In exercise of the powers conferred on me by section 12(4) of the Legal Practitioners Act 1990, as amended, and of all other powers enabling me in that behalf, I, BAYO OJO, Attorney-General of the Federation and Minister of Justice/ Chairman, General Council of the Bar hereby make the following Rules:

The fact that no one has challenged the way and manner the above is drafted does not render nugatory section 12 (4) of the Legal Practitioners Act 2004 as amended. For the avoidance of doubt, section 12 (4) of the LPA 2004 as amended is reproduced below:

(4) It shall be the duty of the Bar Council to make rules from time to time on professional conduct in the legal profession and cause such rules to be published in the Gazette and distributed to all the branches of the Association.[7]

Unlike the powers of the office of the Chief Justice of Nigeria to make Rules for the proceedings of the Legal Practitioners Disciplinary Committee under section 10 (7) of the LPA 2004 as amended and the powers to suspend an erring legal practitioner for a specified period of time vested in the CJN by virtue of section 13 (2) of the LPA 2004 as amended, the HAGF cannot unilaterally make the Rules of Professional Conduct for Legal Practitioners because neither the HAGF or the Attorney – general of the various states of the Federation are so conferred. Besides, the law has made it easier for the Bar Council to operate smoothly with just 8 members out of a total 57 membership. Forming a quorum by the Bar Council may need an upward review of about one – third or minimum of 15 members in our view but definitely that is the position of the law as of today.

Let us state here that the intention of this paper is not to critique the allegedly deleted provisions of the Rules 9(2), 10, 11, 12 and 13 of the Rules of Professional Conduct for Legal Practitioners 2007 but to offer an opinion as to the proper perspective in the powers to make and revise this vital regulation for the noble profession in Nigeria. In the making and revision of the RPC, until the amended RPC is gazetted and distributed in line with the spirit and legislative intent of section 12 (4) LPA 2004 as amended, it is of no effect.

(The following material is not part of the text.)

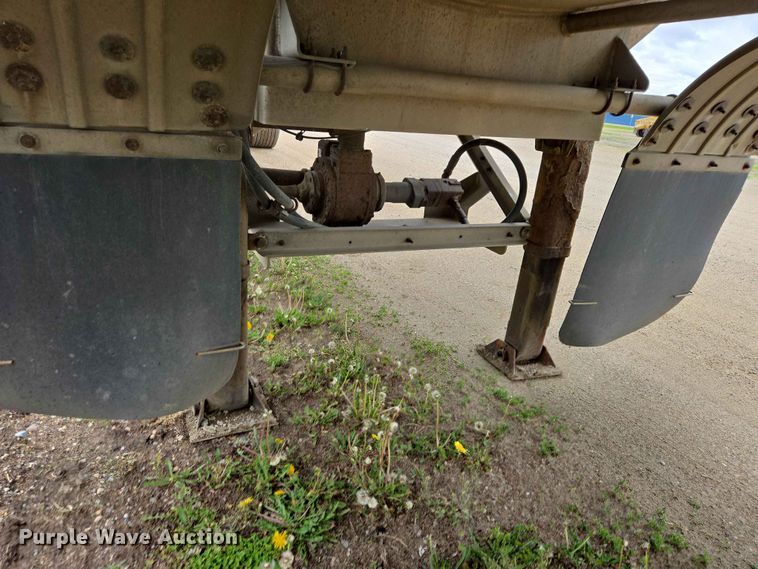 image for item DP8917 2005 Beall BAST-95-4-DC tank trailer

We therefore recommend that the preamble to the RPC 2007 as stated above should be drafted thus:

In exercise of the powers conferred on the Bar Council by section 12(4) of the Legal Practitioners Act 1990, as amended, and of all other powers enabling the Bar Council in that behalf, the, General Council of the Bar hereby make the following Rules:

The legislative intent of the LPA is not to personalize the powers to make and amend the RPC to the office of the Chairman of the Bar Council.

Conclusion

Though, the HAGF being Chairman of the Bar Council can preside and give directives during the meeting of the Council, the power to make and revise the RPC is vested in the Bar Council as a body and not the HAGF as an office created by law and known to law. It is therefore mythical to presume that the preamble to the RPC 2007 as couched is right in law when the searchlight of the provisions of section 12 (4) of the LPA 2004 as amended is beamed in that direction. As stated above, the intention of this writer is not the propriety or otherwise of the subject of amendment but to reflect proper legal perspectives in terms of who is empowered to make and revise the RPC. The subject of amendment is a discourse for another day.

[1] Dr Bukola Akinola is a Deputy Director (Academics) at the Nigerian Law School.

[2] Now Cap 11, LFN 2004

[3] Section 1 (4) of the Legal Practitioners Act Cap L11 LFN 2004

[4] Section 1(2) of the LPA

[5] See section 12 (4) of the Legal Practitioners Act (as amended by the Legal Practitioners (amendment) Decree 1994.

[6] Now Cap 11, LFN 2004

[7] Section 12 (4) of the LPA as amended by LPA 1994 as amended.